Younger spent his last day of Christmas vacation hoping for snow.
He’s always hoped for snow.
Or fire, earthquake, or volcano eruption.
Even in 2008 when he was in the second grade…
Younger does not like school. He doesn’t understand why he has to go for five days a week. He doesn’t understand why he has to go for nine months out of the year. He doesn’t understand why the inventor of school ever had a reason to torture innocent, little children. And he wants to know who he was, this Machiavellian scroundel who thought to force little boys into chairs and bore them by repeating information they already have.
Because Younger already knows it all.
“I’m not learning anything,” he announced from the back seat of the truck, one fine Monday morning.
I choked on a laugh. “Younger…”
“Well, I’m not. You think I am. But I’m not.”
“You are learning something,” I told him, cheerfully. “You’re learning to sit quietly even when you are bored.”
He mumbled something, which I pretended not to hear, and the conversation was dropped for a day or two, until a Sunday night when Isaiah realized that apparently snow was not going to save him from school the next day.
“And they’re wrong, just wrong,” he concluded after a magnificent tirade. “They think they’re right.
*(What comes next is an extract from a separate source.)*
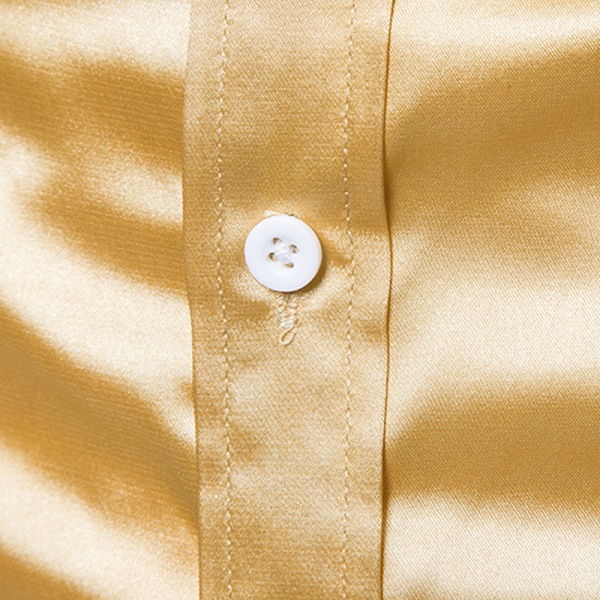 Langermede skjorter med knapper for menn Skinnende langermede skjorter Yellow XL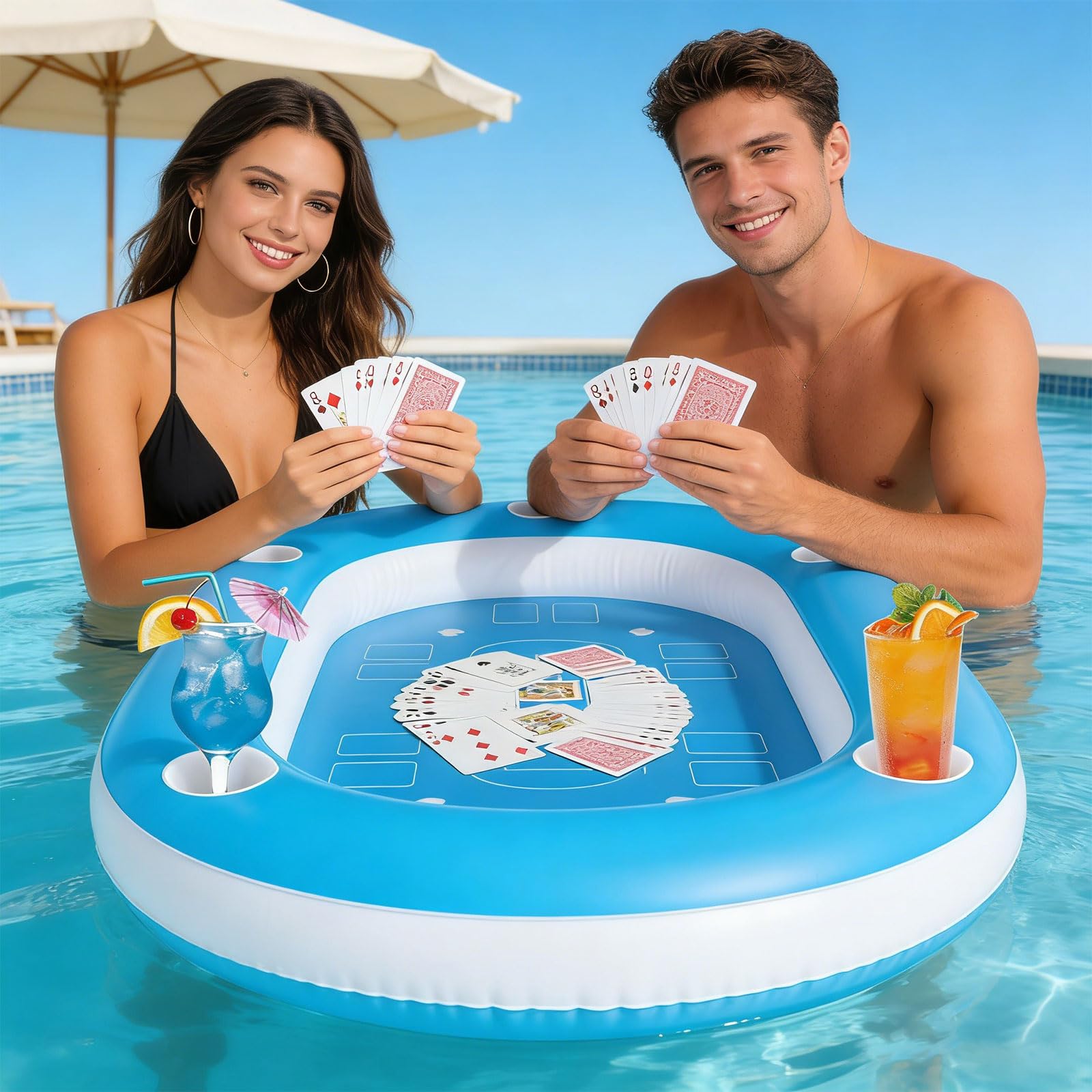 Aufblasbarer schwimmender Pokertisch mit Getränkehaltern für Poolpartys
But they’re wrong.”
“They say it’s a fun place to learn,” he said, emphasizing his ire with a stomp of his foot. “But I ain’t learning anything. AND IT AIN’T FUN!”
And apparently he has to say a pledge to the school with those exact words, which he finds morally reprehensible. They shouldn’t make you say it, he has advocated, if you don’t mean it.
And he doesn’t mean it.
And now even I am counting down the days left of school…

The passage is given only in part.